The Ron Port Athletic Facility entrance doors with a sign that says the gymnasium is currently closed. Photo credit: Kened Sadiku

If you were to look eight months ago at the college’s sports scene for the Algonquin Thunder, winter varsity sports were going to go as planned along with regular basketball and volleyball games.

Fast forward to today, and it seems like the sports world at Algonquin College and the Ontario Colleges Athletic Association (OCAA) has a lineup of question marks around it.

With the recent announcement of winter varsity sports being cancelled by the OCAA, athletes at Algonquin College will have to wait another semester to get back on the court.

For athletes, this can be tough as the thought of missing what they love to do can have a negative impact on them.

Take Julien Caswell for example.

Caswell, 20, is a second-year student in the health and fitness promotion program and is also a senior player for the men’s volleyball team. He says the bond his team had, is something he misses in during times like these.

“The other aspect that hurts is team bonding,” said Caswell. “The sooner we take this seriously and get it over with, the sooner we get to hop back on the court.”

Despite the closure of the Fitness Zone for a second time, Caswell was able to find another way of continuing his workouts from home.

“Fortunately for me, I have a best friend who happens to have a very well-equipped home gym,” he said. “I also managed to be able to play in a max volley beach league this summer but other than that, it’s really hard to stay in ‘volleyball’ shape; if you will.”
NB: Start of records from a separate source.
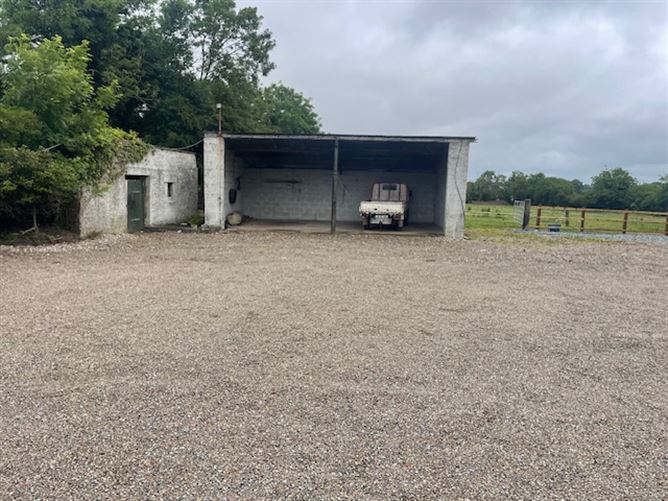 17 individual stables on C. 6 Acres at Poulpeastry, Clonroche, Wexford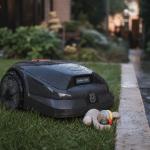 Meilleur robot tondeuse 2025 sur pelouse humide, contourne une bordure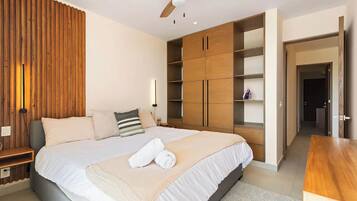 2 slaapkamers, een kluis op de kamer, een bureau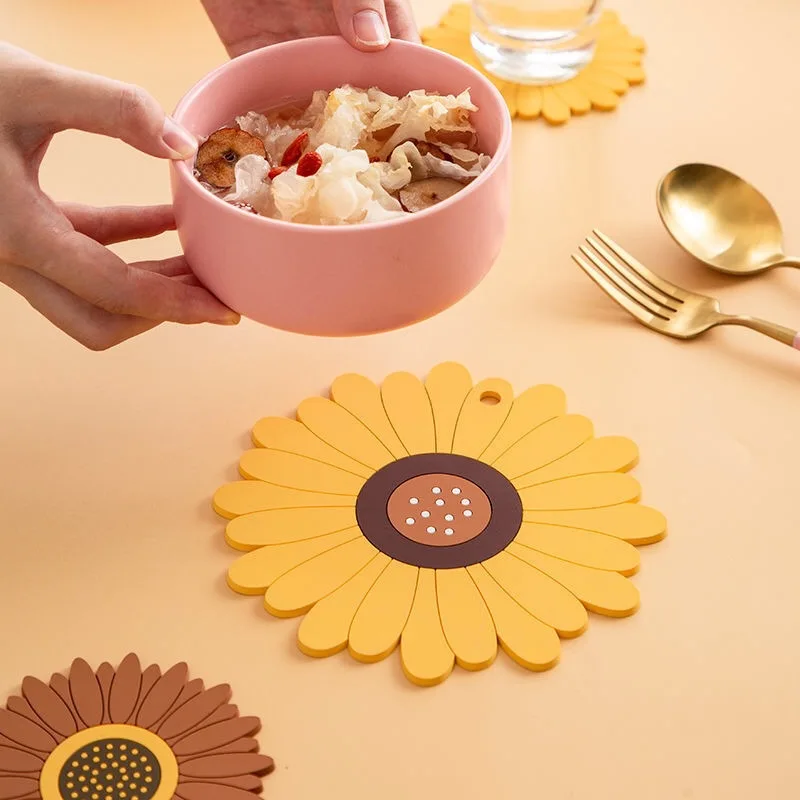 

Sunflowers Heat Resistant Non-slip Kitchen Placemat Insulation Coaster Bowl Dish Cup Pad Pot Holder Table Mat Round Sunflowe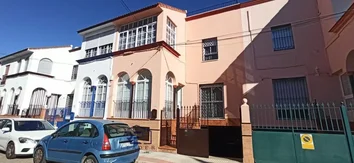 Chalet Pareado En Venta En Calle Gran Capitán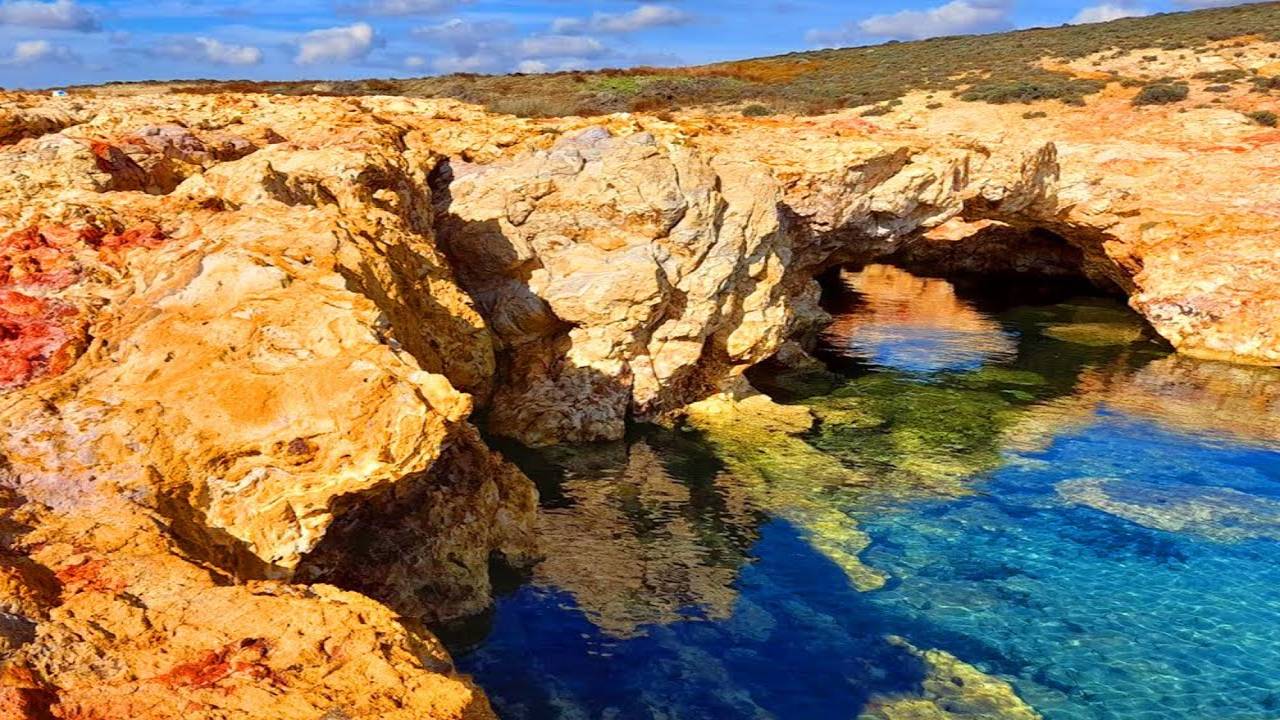 4K Soothing Sea and Sea Cave Sound for Deep Relaxation, Meditation, Stress Relief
Ian Campbell, athletics communication and events coordinator spoke on what he’s seen from athletes before the closures; as students were coming to the gym to continue working at their game.

“Until the recent drawback to phase two, the gymnasium was open a little bit for students to come in throughout the day and do some activities throughout social distancing,” said Campbell. “I saw some of our basketball players, volleyball players and coaches come in through that period.”

Although some players took advantage of the open gymnasium, Campbell explained it was tough for some athletes to adjust.

“It’s challenging for the athletes to maintain their conditioning,” explained Campbell. “You can go in the gym and have one coach come to one hoop and talk to the basketball players, and go to another hoop and talk to another basketball player, but that will never replace you being able to actually play.”

While this season remains uncertain, Algonquin College athletes have continued to find other ways to work around the circumstances.

Though the situation of sports at Algonquin College has no answers just yet, the OCAA’s season remains to be a bleak one.